The planters of rice took full advantage of this twice daily occurrence. Rice is a tedious crop to grow. Unlike other crops, it cannot be grown without periodic flooding. Today growers flood their fields at the flip of a switch. During plantation times the planters had to depend upon the tidal surges of the rivers. During high tide, flood gates were opened to allow freshwater from the river to pour into thirsty fields; during low tide, the flood gates were again opened, this time to let the freshwater escape the fields and rejoin the river.

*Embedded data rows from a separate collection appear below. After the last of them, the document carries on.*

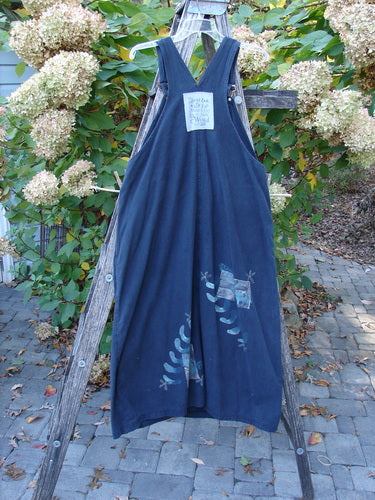 1996 Denim Overall Jumper Truck Travel Black Size 1, displayed on a wooden ladder. Features wide legs, crossed straps, painted foliage motifs, and a front bib pocket, embodying vintage Blue Fish creativity.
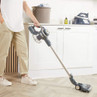 Cordless stick vacuum cleaner in use on kitchen floor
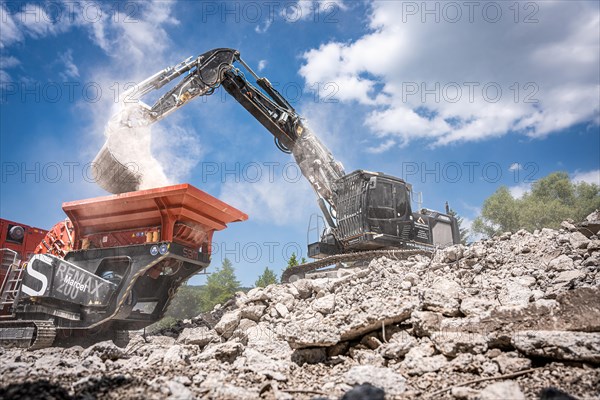 Black Liebherr crawler excavator recycling on demolition site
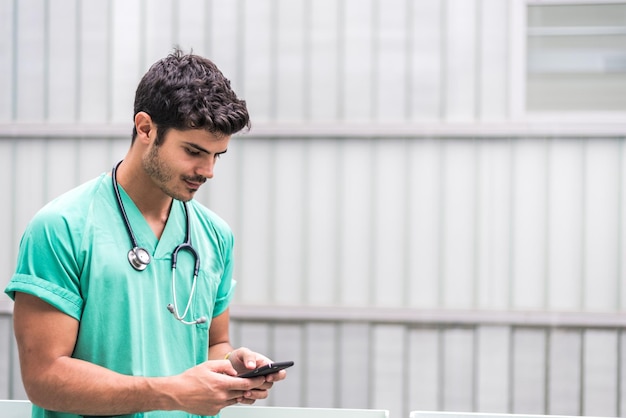 Male doctor using smartphone outdoors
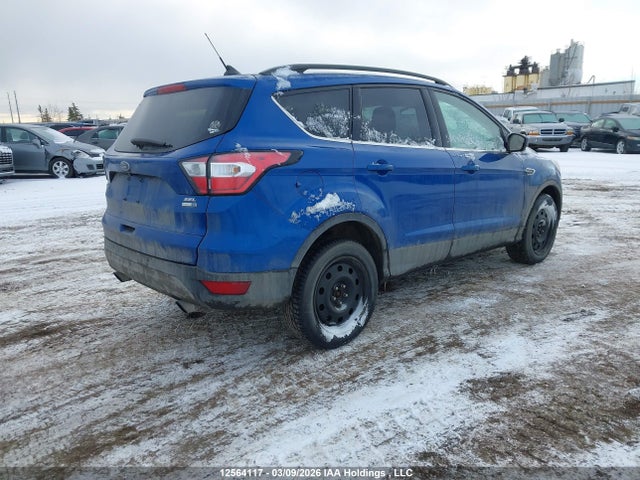 12564117 :رقم المزاد ، 1FMCU9HD0JUC82627 vin ، 2018 Ford Escape Sel مزاد بيع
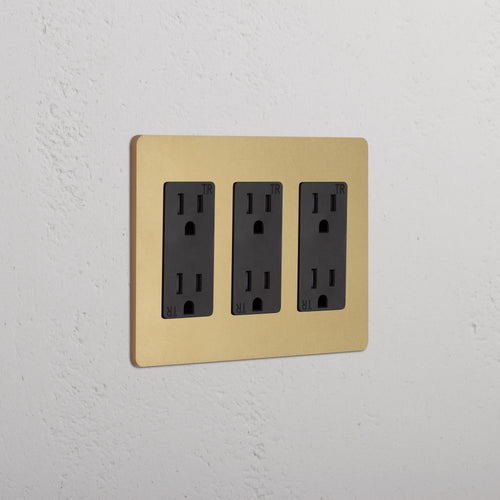 Grove 3G Outlet in Antique Brass Black with three black electrical outlets, mounted on a white wall.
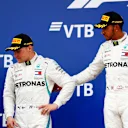 SOCHI AUTODROM, RUSSIAN FEDERATION - SEPTEMBER 30: Lewis Hamilton, Mercedes AMG F1, 1st position, consoles team mate Valtteri Bottas, Mercedes AMG F1, 2nd position, on the podium during the Russian GP at Sochi Autodrom on September 30, 2018 in Sochi Autodrom, Russian Federation. (Photo by Sam Bloxham / LAT Images)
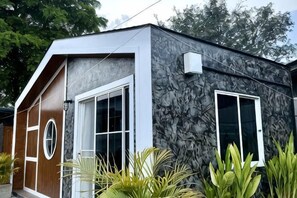 A modern building with a stone facade, large windows, and a wooden door. - Cina Home (Chiang Mai)
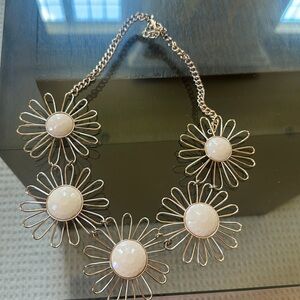 flower necklace with white gems plated in gold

Since rice couldn’t survive without this ongoing source of freshwater, it was only grown along the river’s edge in the sticky “pluff mud” that defined the wetlands. Cattle couldn’t work in the wetlands, their cloven hooves were too narrow to negotiate the mud. Oxen, with hooves the size of dessert plates were required, instead. And humans, of course. Humans have always had the task of planting and tending to rice, right up to this very day.
For obvious reason, the planters purchased long narrow strips of land skirting the rivers. That’s why I included these early plats. The first is a plat of True Blue’s fields on the western side of the Waccamaw River. It’s difficult to read, but you can see the outline of the fields. A plat of the plantation’s eastern holdings (where the plantation house and outbuildings were) has sadly never surfaced.

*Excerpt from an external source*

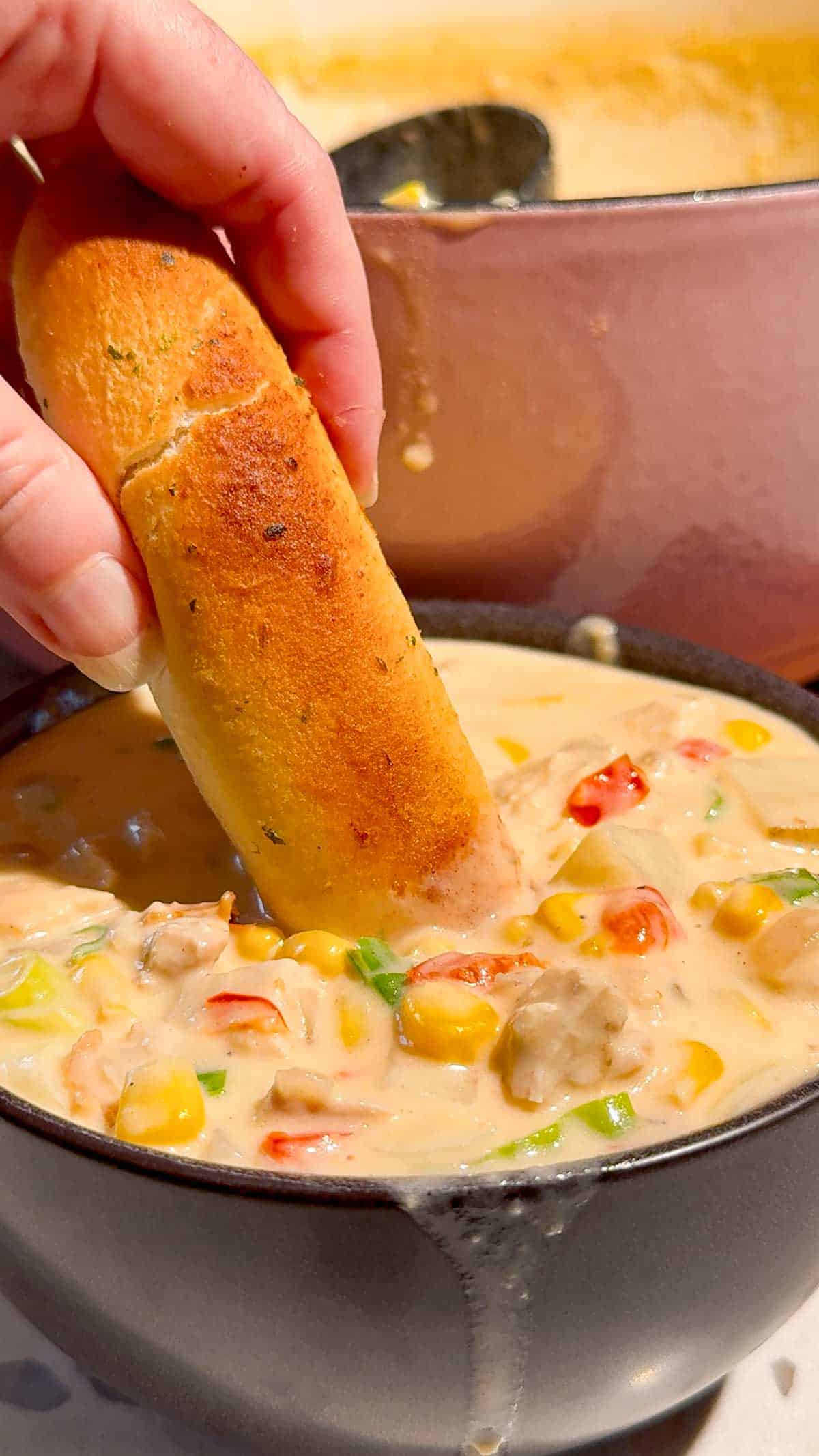 dipping breadstick into bowl of chicken corn chowder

The Crown sold the land for paltry amounts, but the buyers were required by law to build a dwelling house; support buildings such as barns, mills and roads and bridges. Within a given period of time they were required to plant a cash crop approved by the British Government (cotton, rice or indigo) and to live on the property half of the year.The Crown was willing to spend years building its colonial empire because it resulted in a rock-solid tax base and trading partners loyal solely to the British Crown. It was genius. The British passed on standardized weights and a monetary system; language; mapping and exploration; culture; education; a court system, economic and military security and an ARROGANCE OF SUPERIORITY that has ramifications to this day.
More about the colonial system later. I promise it won't be boring. The colonial system was an economic marvel. It’s just that it created unimaginable wealth for the seafaring super powers of the day: the British, Dutch, Portuguese, French and Spanish, at the cost of oppression for everyone else on the planet.